TRINO_USERNAME = os.environ.get('TRINO_USERNAME', 'trino')
TRINO_PASSWORD = os.environ.get('TRINO_PASSWORD', 'trino')
TRINO_HOSTNAME = os.environ.get('TRINO_HOSTNAME', 'trino-service')
TRINO_PORT = os.environ.get('TRINO_PORT', '8080')

In [None]:
conn = trino.dbapi.connect(
    host=TRINO_HOSTNAME,
    port=TRINO_PORT,
    user=TRINO_USERNAME,
    http_scheme='http',
)

In [None]:
def get_sql(sql, connector):
    """Return pandas DataFrame."""
    
    cur = connector.cursor()
    cur.execute(sql)
    response = pandas.DataFrame(
        cur.fetchall(), columns=[c[0] for c in cur.description]
    )
    return response

## What is Trino and how does it work? 
Trino is an incredibly efficient layer sitting between the data consumer and our data sources. It brings our data together so we can query sources individually or join them together in ways that previously required extensive ETL processes.

Let's use our connection object and SQL statements to interact with Trino. 

The following SQL statements help us understand our data sources:
* `'SHOW CATALOGS'` shows the data sources available to us at this time,
* `'SHOW SCHEMAS'` indicates how data tables are organized, and 
* `'SHOW TABLES'` exposes datasets within a catalog and schema.

In [None]:
sql = 'SHOW CATALOGS'
df = get_sql(sql, conn)
df.head()

In [None]:
sql = 'SHOW SCHEMAS from hive'
df = get_sql(sql, conn)
df.head()

In [None]:
sql = 'SHOW TABLES FROM hive.default'
df = get_sql(sql, conn)
df.head()

**Please note**:
Your data sources will show up under `'SHOW CATALOGS'` after their respective connectors are configured in your catalog.

**Some useful terminology**:
* **data source** - your data stored in a database, bucket, or other. Trino has connectors for most sources already. 
* **connector** - connectors configure your catalog. They give you access to your data sources. They are similar to drivers, in a way.
* **catalog** - defines schemas and properties of connections so Trino knows how to query your data.
* **schema**  - how your tables are organized.
* **table**   - similar to tables in a relational database. A set of rows and columns representing your data based on connector properties.

**Useful links**:
[Trino Documentation](https://trino.io/docs/current/index.html)

## Accessing Data
We've seen the data sources we have access to (CATALOGS), their associated SCHEMAS, and some data tables from tpch.  Let's run some actual queries to access the data!

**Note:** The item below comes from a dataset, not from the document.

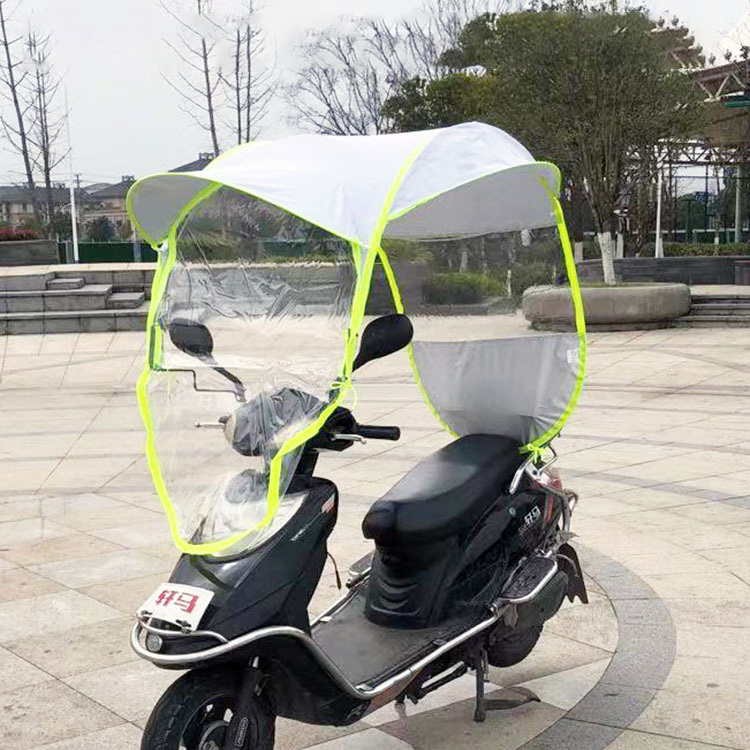 Raincoat for scooter on sale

For the following example, we'll assume there are CSV files in an S3 bucket "test".

In [None]:
sql = "CREATE SCHEMA hive.test WITH (location = 's3a://test/')"
df = get_sql(sql, conn)
df.head()

In [None]:
sql = """

CREATE TABLE hive.test.customers ( 
   customer_id VARCHAR, 
   snapshotdate VARCHAR, 
   label VARCHAR
) WITH ( 
  EXTERNAL_LOCATION = 's3a://test/',
  FORMAT = 'CSV',
  skip_header_line_count=1
)

"""
df = get_sql(sql, conn)
df.head()

In [None]:
sql = 'DESCRIBE hive.test.customers'
df = get_sql(sql, conn)
df.head()

In [None]:
sql = 'SELECT * FROM hive.test.customers limit 40'
df = get_sql(sql, conn)
print(df)

In [None]:
sql = 'DROP TABLE hive.test.customers'
df = get_sql(sql, conn)
df.head()

In [None]:
sql = 'DROP SCHEMA hive.test'
df = get_sql(sql, conn)
df.head()